Rahasia Harisa 28: Di Balik Layar
Sejak pagi, kulihat para penghuni rumah tidak sesibuk biasanya. Mungkin ini hari libur pascaujian sekolah. Si sulung dan si bungsu santai melihat ponsel sambil ditemani susu coklat kental manis hangat. Benar kata orang-orang, lebih baik terlambat dari pada tidak sama sekali.
Aku tidak tahu apakah masalah orang-orang dewasa di rumah ini sudah selesai atau belum. Tentang rumah makan mereka yang sepi, tentang keuangan juga, mungkin.
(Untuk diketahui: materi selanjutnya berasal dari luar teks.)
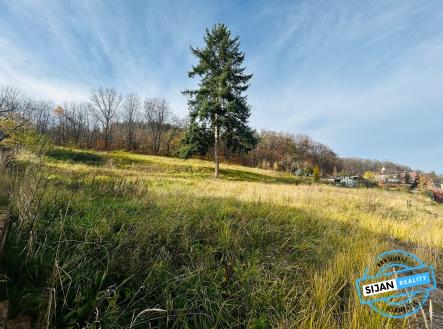 Prodej pozemku pro bydlení, 1 306 m²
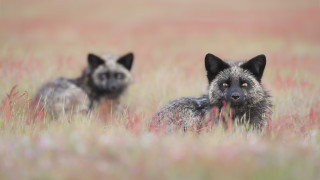 Grey wolves tall grass red - free dogs wallpaper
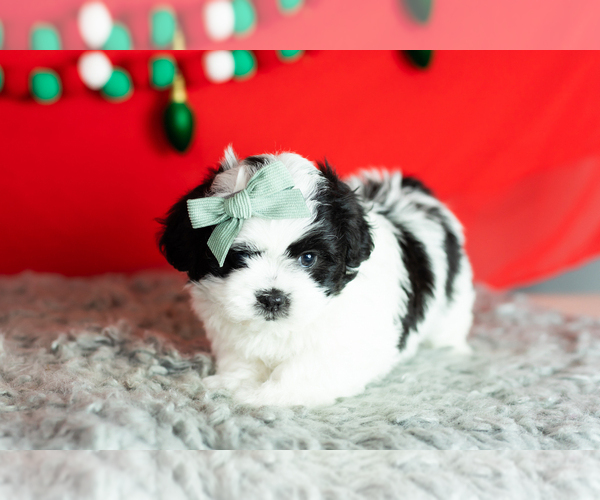 Medium Photo #4 Zuchon Puppy For Sale in WOLCOTTVILLE, IN, USA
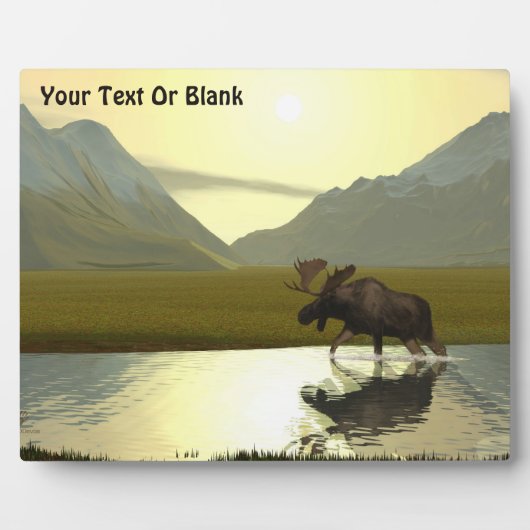 午後ムース フォトプラーク (正面)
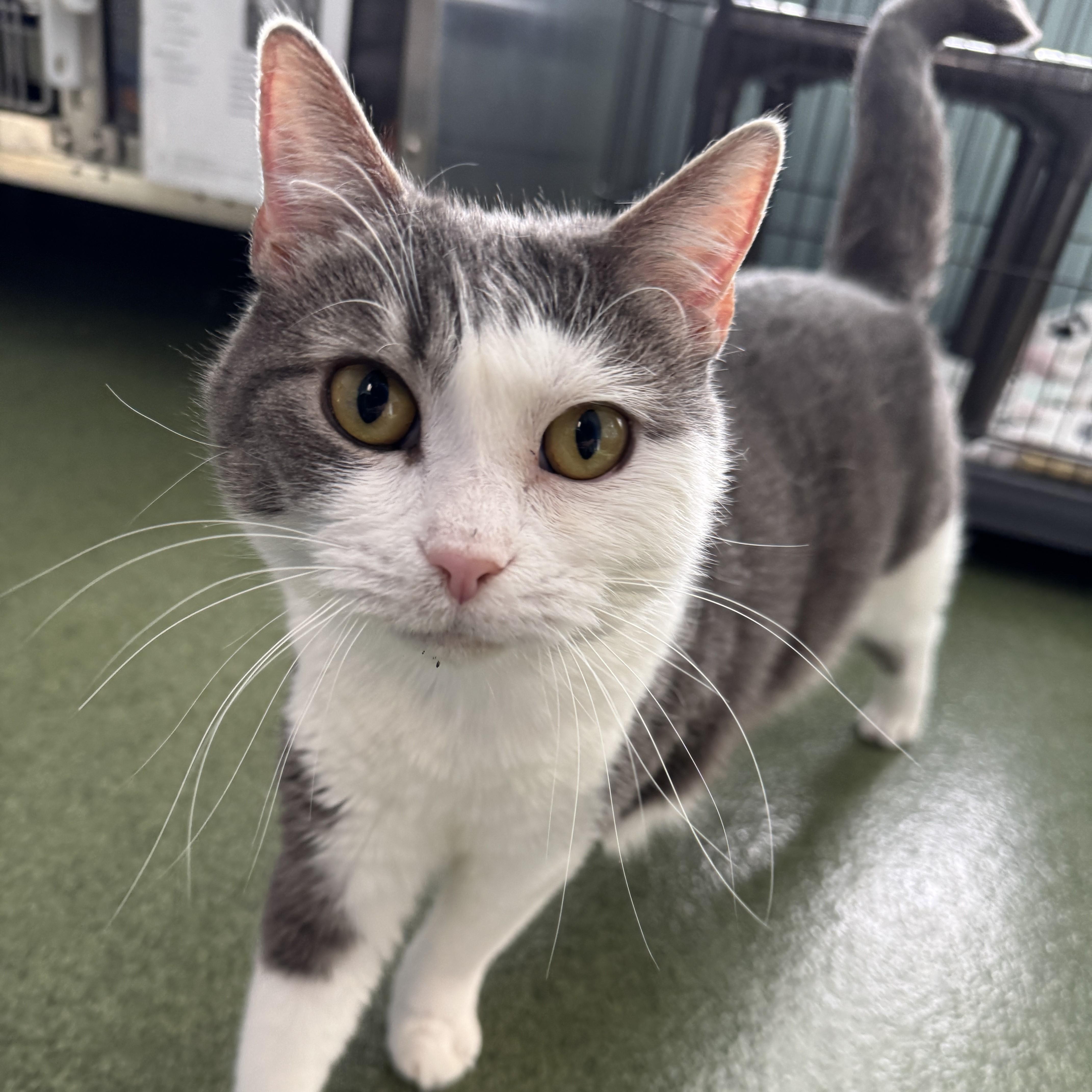 April, Adoptable, Adult Female Domestic Short Hair.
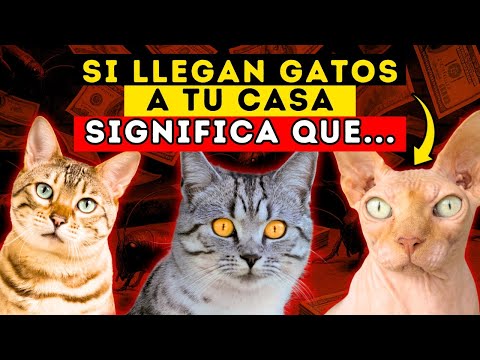 Descubre el Significado Espiritual de ver un GATO en tu casa ¡Es Sorprendente! 🐈‍⬛🏠
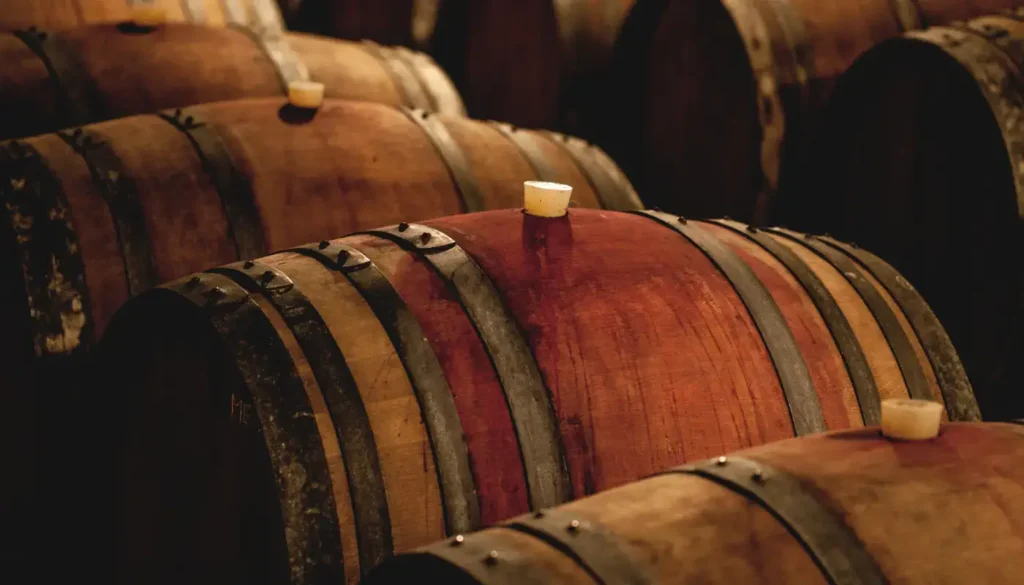 Rows of oak barrels in a wine cellar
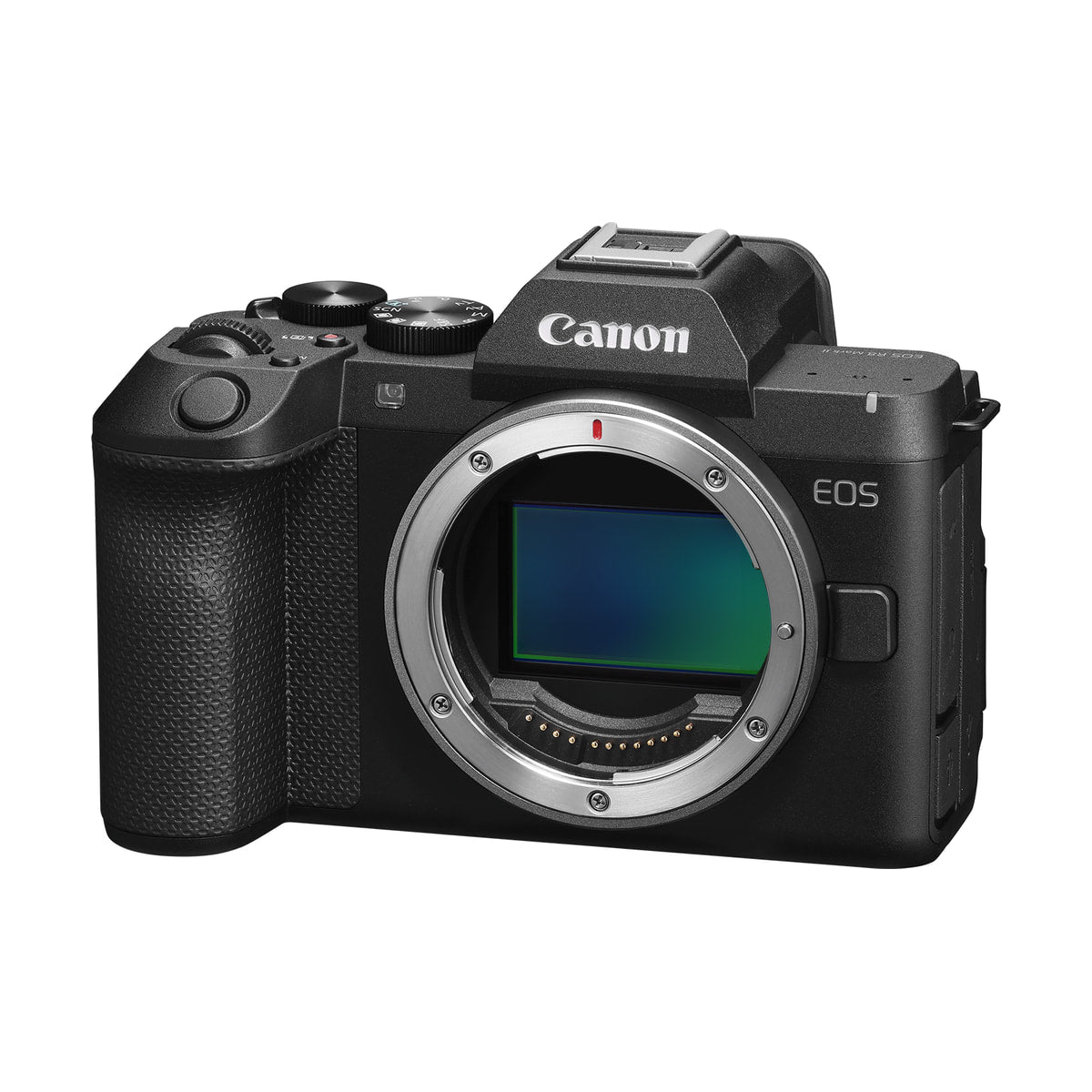 Canon EOS R8 Mark II Mirrorless Camera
Tetapi, aku melihat si ibu dan si ayah tampak tenang-tenang saja. Mereka juga sama santainya. Barangkali mereka ingin berdamai dengan keadaan. Barangkali mereka ingin meluangkan waktu untuk anak-anak.
Menjelang siang, mereka mulai bekerja sama memasak semacam kue dengan lava coklat keju di tengahnya. Tidak lupa appron dan topi ala chef, serta kamera. Menurutku, sih, ini lebih ke membuat konten dari pada membuat kue.
Pada akhirnya, aku mulai memahami bahwa mungkin inilah cara mereka berbahagia. Inilah cara mereka menjalin kasih sayang satu sama lain. Video konten mungkin hanya menghasilkan sebuah rekaman yang tertata rapi dan menarik. Tetapi, di baliknya, ada kehangatan yang menyeruak yang lebih berharga dari pada konten itu sendiri. Tawa-tawa yang asli, senyum yang tulus, bahagia yang alami. Ada lebih banyak cerita di balik sebuah cerita.
Mereka membuat kue dengan antusias, membersihkan dapur pun dengan semangat. Wajah-wajah sudah coreng-moreng oleh tepung dan adonan. Entah siapa yang memulai, tiba-tiba permainan colek-mencolek sisa adonan berubah menjadi semprot-meyemprot air keran. Alhasil, air muncrat ke mana-mana. Dapur berubah menjadi wahana pertempuran air.
Ramai, meriah, seru bukan buatan. Setiap mereka menjelma menjadi anak-anak usia enam tahun yang kesenangan. Ketika kamera tidak lagi dinyalakan, kenangan sesungguhnya sedang direkam oleh ingatan.
Si bungsu menyempatkan diri menyelamatkan kue hasil kerja keras mereka ke ruangan lain. Dia juga menyingkirkan ponsel-ponsel agar tidak terimbas pertempuran. Setelahnya, dia kembali membaur ke arena.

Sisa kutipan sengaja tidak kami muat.